Task to carry out: Copy the data that follows exactly, and include none of its images.

Data provided:
______
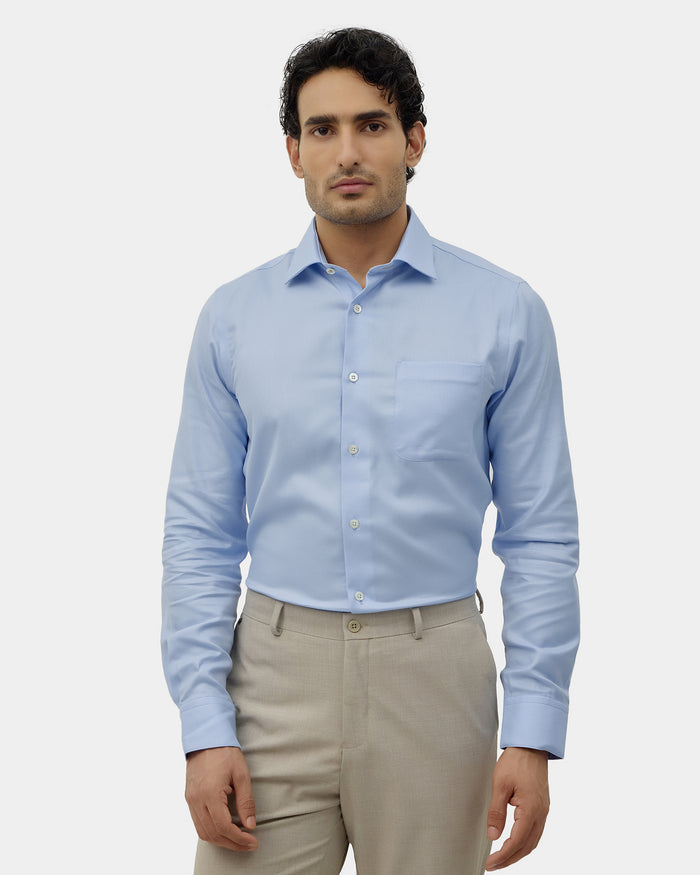Light Blue Textured Shirt - Chiba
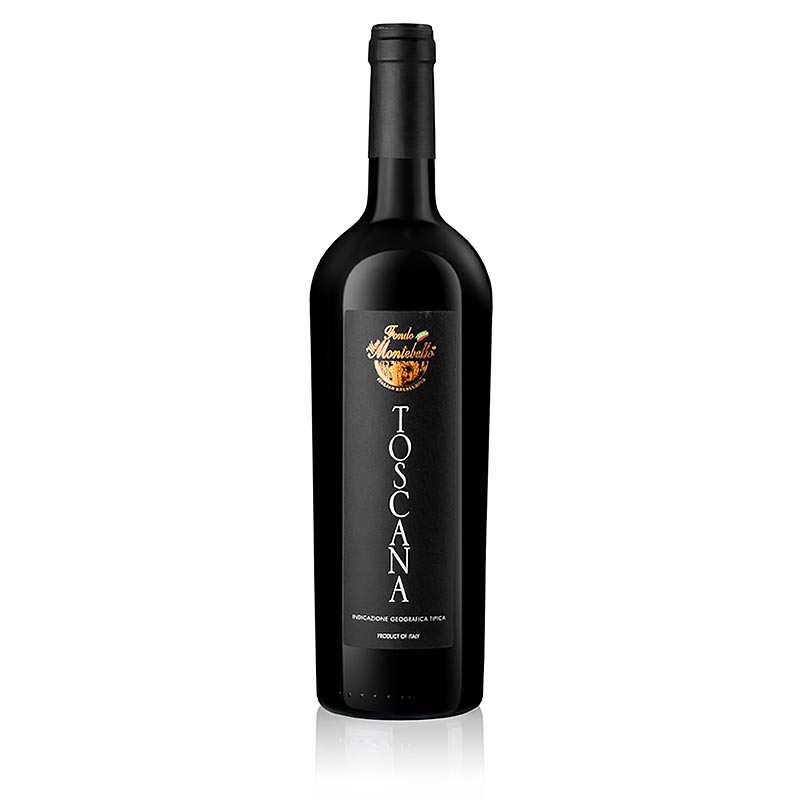 Super Tuscan, trocken, 14,5% vol., Fondo Montebello - 750 ml - Flasche Super Tuscan, trocken, 14,5% vol., Fondo Montebello - 750 ml - Flasche
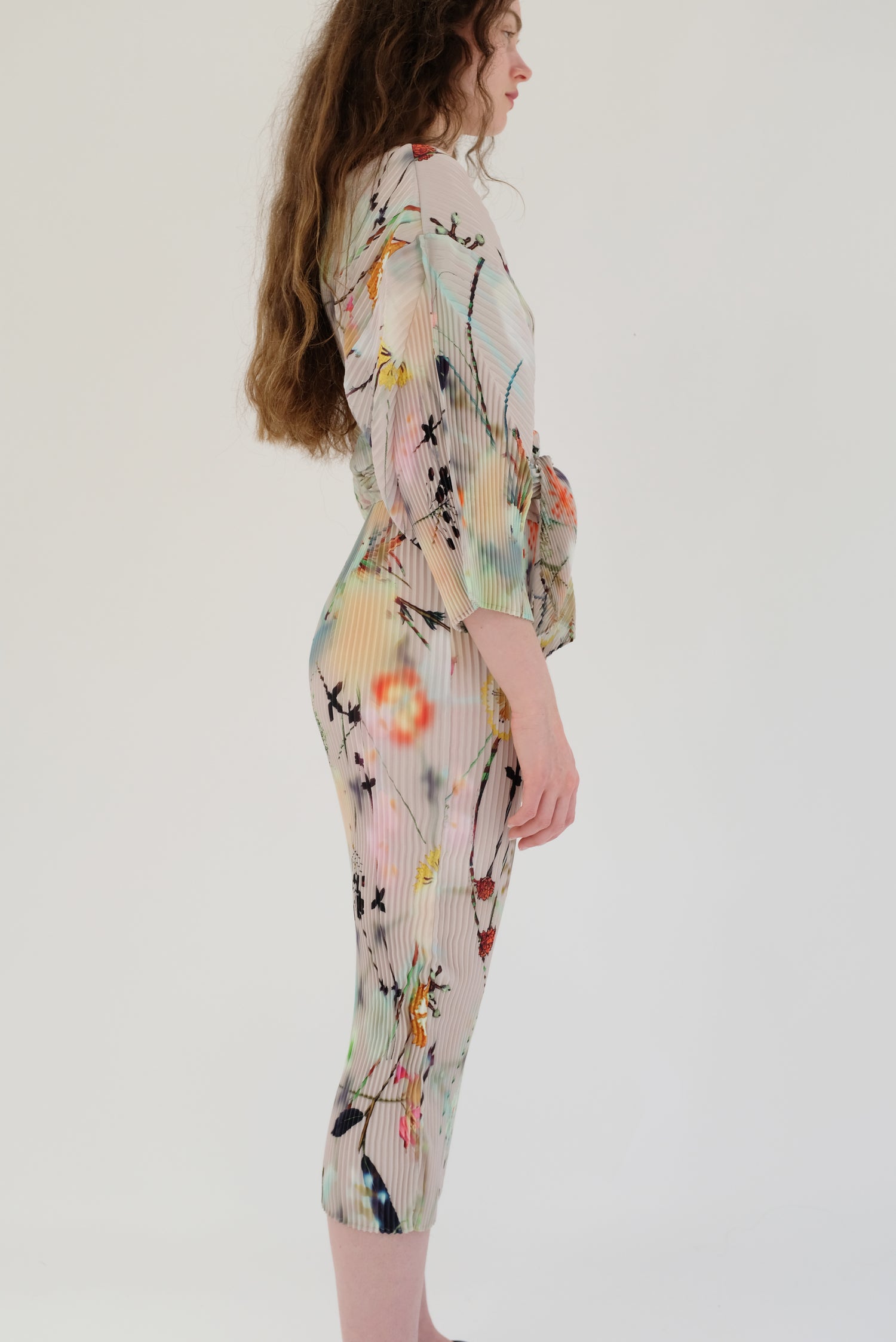 Julia Heuer Leila Pleated Dress Frances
______
Answer section:
Light Blue Textured Shirt - Chiba
 Super Tuscan, trocken, 14,5% vol., Fondo Montebello - 750 ml - Flasche Super Tuscan, trocken, 14,5% vol., Fondo Montebello - 750 ml - Flasche
 Julia Heuer Leila Pleated Dress Frances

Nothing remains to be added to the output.